Contextualizing DiD for Marketing
Marketing panels feature rich adoption patterns, substantial heterogeneity, and pervasive threats to identification assumptions. Section 4.9 of the causal inference text illustrates how the staggered Difference-in-Differences (DiD) framework handles common marketing applications. Depending on the data structure and business question, the choice of estimands, diagnostic workflows, and estimators must be tailored significantly.
Here are three canonical scenarios and their specific causal inference challenges.
1. Loyalty Programme Rollouts
Consider a retail chain launching a loyalty programme in waves across 500 stores over 12 quarters.
- The Estimands: The primary target is often the overall ATT on sales. Secondary estimands include event-time effects $\theta_k$ (to trace how habits develop as customers accumulate points over time) and cohort-specific effects $\tau_g$ (are early adopting stores fundamentally different from late adopters?).
- The Identification Challenge: Staggered Parallel Trends assumes that timing is related to operational constraints, not anticipated sales growth.
- The Primary Threat: Spillovers. Customers might refer friends, artificially elevating control store sales (positive spillover, which attenuates the treatment effect). Conversely, treated stores might cannibalize sales from control stores (negative spillover, which inflates the effect).
- Solutions: SUTVA violations can be addressed via spatial models, defining broader geographic clusters, or implementing buffer zones that drop control stores situated too closely to treated stores.

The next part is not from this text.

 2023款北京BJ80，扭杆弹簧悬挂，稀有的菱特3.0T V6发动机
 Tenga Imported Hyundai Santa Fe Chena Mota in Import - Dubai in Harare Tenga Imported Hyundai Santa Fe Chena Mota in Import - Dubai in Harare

2. Retail Pricing Policy Changes
Suppose a retailer shifts from frequent promotions to “everyday low pricing” across 200 product categories over 24 weeks.
- The Estimands: Overall ATT on profit margins, along with heterogeneous effects driven by category features like price elasticity or brand concentration.

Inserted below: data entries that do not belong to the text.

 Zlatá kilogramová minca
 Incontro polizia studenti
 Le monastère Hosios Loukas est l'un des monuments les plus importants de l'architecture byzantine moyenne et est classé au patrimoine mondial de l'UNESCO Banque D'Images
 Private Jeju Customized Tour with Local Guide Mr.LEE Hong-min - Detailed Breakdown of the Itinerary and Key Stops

- The Identification Challenge: Parallel trends are violated if the retailer specifically transitions their high-margin or declining-margin categories first.

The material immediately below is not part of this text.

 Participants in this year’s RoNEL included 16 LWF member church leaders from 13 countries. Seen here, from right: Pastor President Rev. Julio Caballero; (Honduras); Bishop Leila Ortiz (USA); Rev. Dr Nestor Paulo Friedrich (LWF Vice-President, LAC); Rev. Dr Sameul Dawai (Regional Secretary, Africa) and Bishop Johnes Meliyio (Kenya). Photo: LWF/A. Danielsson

- The Primary Threat: Substitution and Competitive Response. Reducing promotional frequency in one category has general equilibrium effects. Competitors might aggressively step up their promotions in that exact category, masking the true effect. Alternatively, consumers may simply substitute and shift their spending to untreated categories that are still heavily promoted.
- Solutions: Rely on modern DiD estimators but extend the analysis using explicit spillover models to capture cross-category substitution. Causal forests can be particularly useful here to flexibly explore heterogeneity across many category characteristics at once.
3. Platform Channel Expansion
A food delivery platform phases its entry into 30 different cities over 24 months, while 20 cities remain untreated.
- The Estimands: The ATT on total restaurant revenues, plus event-time estimates (which reflect the speed of market penetration) and heterogeneous effects by restaurant type (e.g., chains versus independent spots).
- The Identification Challenge: Platforms almost always enter larger, faster-growing cities first. This selection on both observables and unobservables fundamentally casts doubt on Parallel Trends in levels.
- The Primary Threat: Market Re-equilibration. Initial entry brings friction—pricing strategies shift and supply (driver availability) is volatile. The immediate short-term effect often looks very different from the long-run equilibrium. Additionally, measuring whether the platform expanded category demand overall, or just redistributed existing diners, is difficult.
- Solutions: Conditioning on observables like city size and macroeconomic factors via propensity scores is heavily recommended. When differential trends driven by latent shocks remain, standard DiD may fail; factor models (interactive fixed effects) or Generalized Synthetic Control methods are required to produce credible counterfactuals.
Summary
These applications show that DiD cannot be approached as a cookie-cutter calculation. Validating the business logic behind why the treatment was staggered is crucial. Estimators like Callaway–Sant’Anna or Sun–Abraham effectively aggregate multiple rollouts, but anticipating and modeling spillovers or selection bias remains the ultimate determinant of a credible result.